In Part II, we built the data pipeline with 25 technical indicators. Now comes the exciting part: designing the learning environment where our DQN agent will interact with the market.

A well-designed environment is critical for successful RL. We need to formulate trading as a Markov Decision Process (MDP) with:

State Space: What does the agent observe?
Action Space: What can the agent do?
Reward Function: How do we measure success?
Transition Dynamics: How does the environment evolve?

This part covers our sophisticated environment featuring:

Multi-buy position accumulation
Partial sells with FIFO lot tracking
Action masking for safety
Risk management guardrails

The complete code is in src/trading/environment.py on GitHub.

State Space: What Does the Agent See?

State Composition

The agent observes a window of recent market data plus its current portfolio state:

State = [Market Features (window_size × n_features) + Portfolio State]

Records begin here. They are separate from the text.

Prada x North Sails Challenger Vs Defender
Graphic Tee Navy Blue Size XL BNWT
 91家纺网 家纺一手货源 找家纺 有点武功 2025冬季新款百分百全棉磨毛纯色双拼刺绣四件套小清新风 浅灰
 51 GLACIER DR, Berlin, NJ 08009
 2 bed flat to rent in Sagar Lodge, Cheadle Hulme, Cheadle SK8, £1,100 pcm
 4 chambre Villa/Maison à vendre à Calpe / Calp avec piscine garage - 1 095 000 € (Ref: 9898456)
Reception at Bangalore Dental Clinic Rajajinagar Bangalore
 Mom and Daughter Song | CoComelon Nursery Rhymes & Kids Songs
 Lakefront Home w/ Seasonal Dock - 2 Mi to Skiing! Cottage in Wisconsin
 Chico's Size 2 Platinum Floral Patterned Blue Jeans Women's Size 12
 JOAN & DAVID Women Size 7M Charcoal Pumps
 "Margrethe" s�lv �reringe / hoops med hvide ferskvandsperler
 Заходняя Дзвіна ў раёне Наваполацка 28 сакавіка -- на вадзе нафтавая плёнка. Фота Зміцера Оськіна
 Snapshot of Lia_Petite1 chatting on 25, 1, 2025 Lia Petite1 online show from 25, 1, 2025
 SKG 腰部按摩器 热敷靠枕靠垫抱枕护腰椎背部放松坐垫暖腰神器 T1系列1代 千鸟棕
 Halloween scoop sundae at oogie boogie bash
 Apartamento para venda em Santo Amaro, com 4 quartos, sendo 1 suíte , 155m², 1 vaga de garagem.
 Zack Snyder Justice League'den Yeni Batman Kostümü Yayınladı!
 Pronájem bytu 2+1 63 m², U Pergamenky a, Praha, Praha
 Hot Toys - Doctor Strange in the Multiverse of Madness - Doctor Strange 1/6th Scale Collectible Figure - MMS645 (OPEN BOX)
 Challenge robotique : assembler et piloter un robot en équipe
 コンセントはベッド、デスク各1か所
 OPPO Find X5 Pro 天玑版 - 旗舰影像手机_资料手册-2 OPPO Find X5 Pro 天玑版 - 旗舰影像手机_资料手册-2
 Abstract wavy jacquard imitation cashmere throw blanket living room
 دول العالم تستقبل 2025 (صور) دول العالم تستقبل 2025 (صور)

Example with window_size=5, 25 features:

Shape: (5, 27)  # 25 market features + 2 portfolio features

Market Features (past 5 days):
- SPY_Close, SPY_Return, SPY_High_Low_Pct, ...
- BB_Position, BB_Width, ...
- EMA_8, EMA_21, SMA_50, SMA_200, ...
- RSI, ADX, DI_Plus, DI_Minus
- Volume_Ratio, Volume_Trend
- VIX_Close

Portfolio State (current):
- Position Ratio: shares_held / max_affordable_shares  (dynamically normalized)
- Cash Ratio: balance / starting_balance   (0.0 to ~2.0+)

Implementation

def _get_state(self) -> np.ndarray:
    """
    Get current state observation.

    Returns:
        np.ndarray: State array of shape (window_size, n_features + 2)
    """
    # Extract window of market features
    start_idx = self.current_step - self.window_size
    end_idx = self.current_step

    market_state = self.data[self.feature_columns].iloc[start_idx:end_idx].values

    # Add portfolio state to each time step
    # Normalize position by max affordable shares (price-adaptive)
    current_price = self._get_current_price()
    max_affordable_shares = self.starting_balance / current_price if current_price > 0 else 1

    position_ratio = self.shares_held / max_affordable_shares
    balance_ratio = self.balance / self.starting_balance

    portfolio_state = np.array([position_ratio, balance_ratio])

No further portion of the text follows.